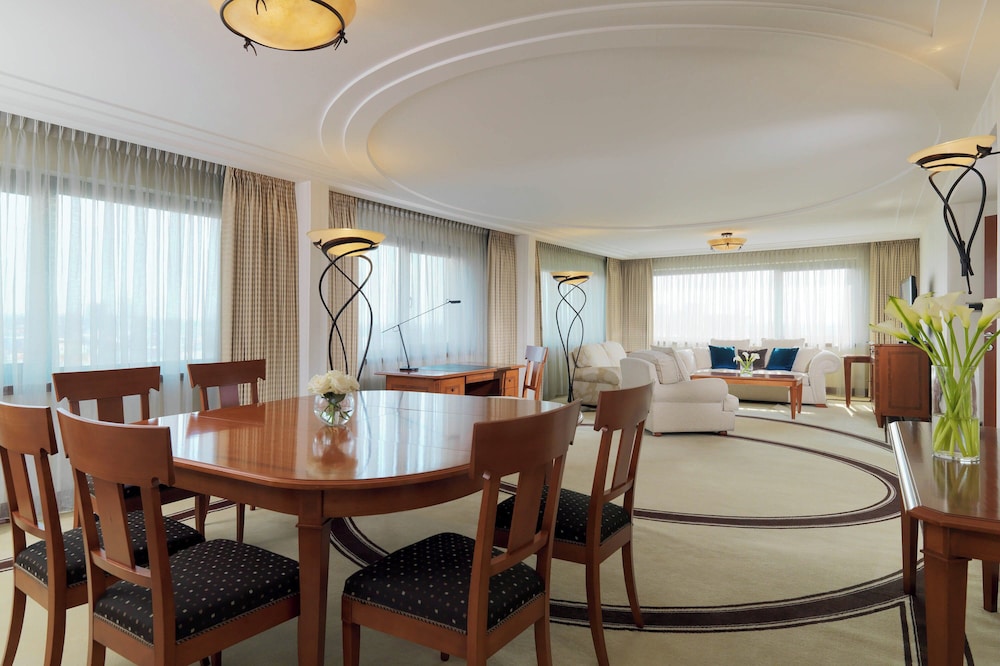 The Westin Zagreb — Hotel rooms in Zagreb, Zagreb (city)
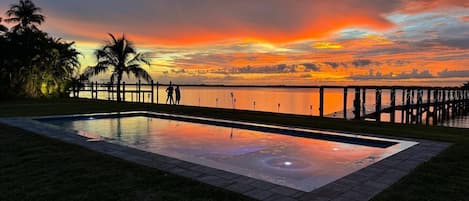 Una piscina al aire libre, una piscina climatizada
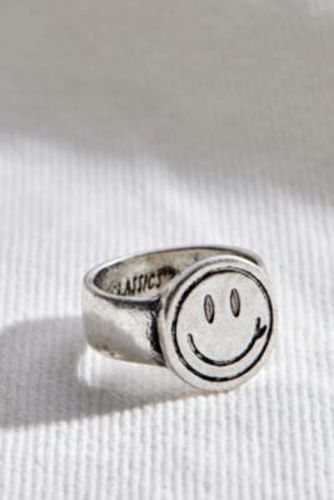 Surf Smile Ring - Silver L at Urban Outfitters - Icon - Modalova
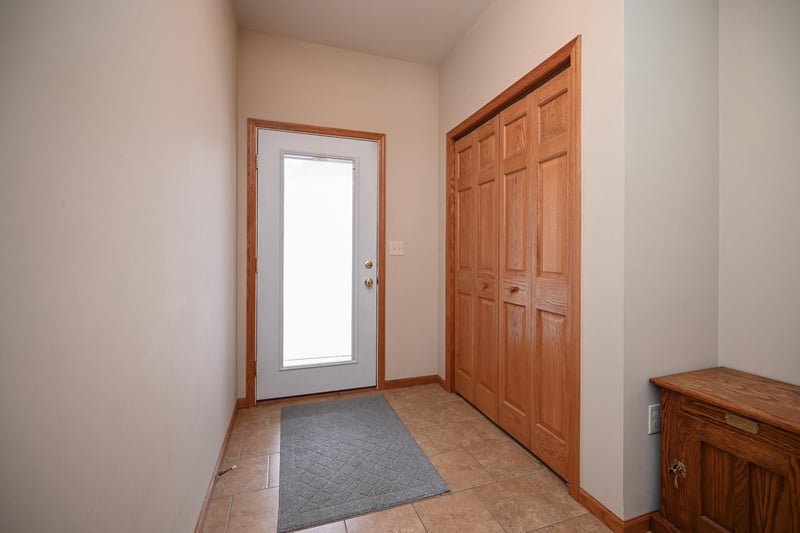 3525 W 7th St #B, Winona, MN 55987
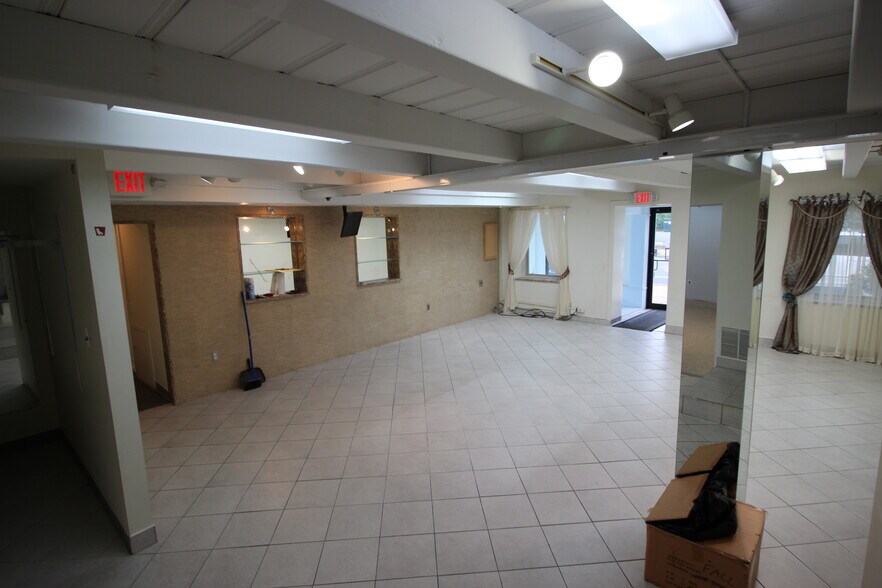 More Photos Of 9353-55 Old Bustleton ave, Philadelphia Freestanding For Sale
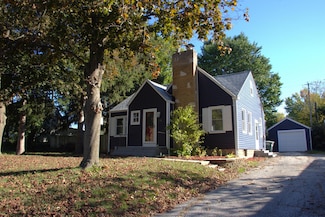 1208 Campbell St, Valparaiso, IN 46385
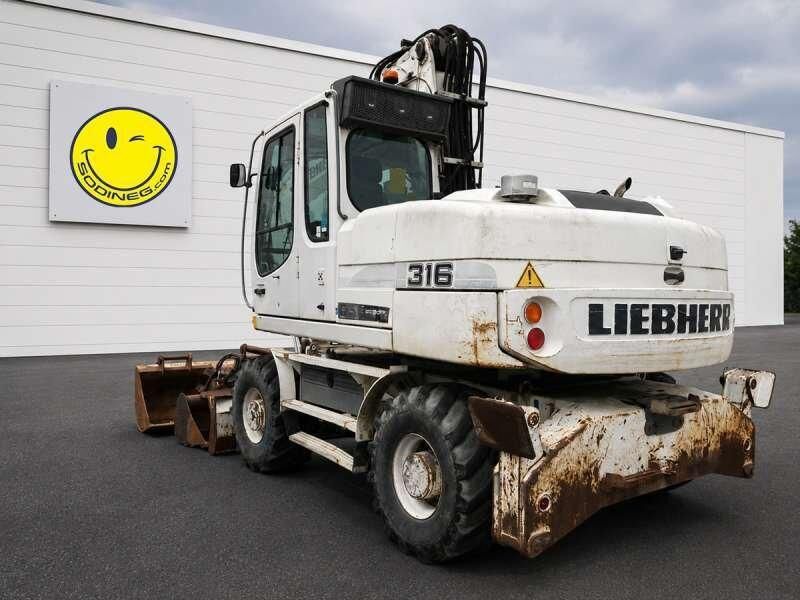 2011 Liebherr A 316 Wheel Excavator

*Work item*:
Can the lines from the one with "Una piscina al" to the end of the records above be quoted exactly, both ends included, with every picture omitted?

*Your response*:
 Una piscina al aire libre, una piscina climatizada
 Surf Smile Ring - Silver L at Urban Outfitters - Icon - Modalova
 3525 W 7th St #B, Winona, MN 55987
 More Photos Of 9353-55 Old Bustleton ave, Philadelphia Freestanding For Sale
 1208 Campbell St, Valparaiso, IN 46385
 2011 Liebherr A 316 Wheel Excavator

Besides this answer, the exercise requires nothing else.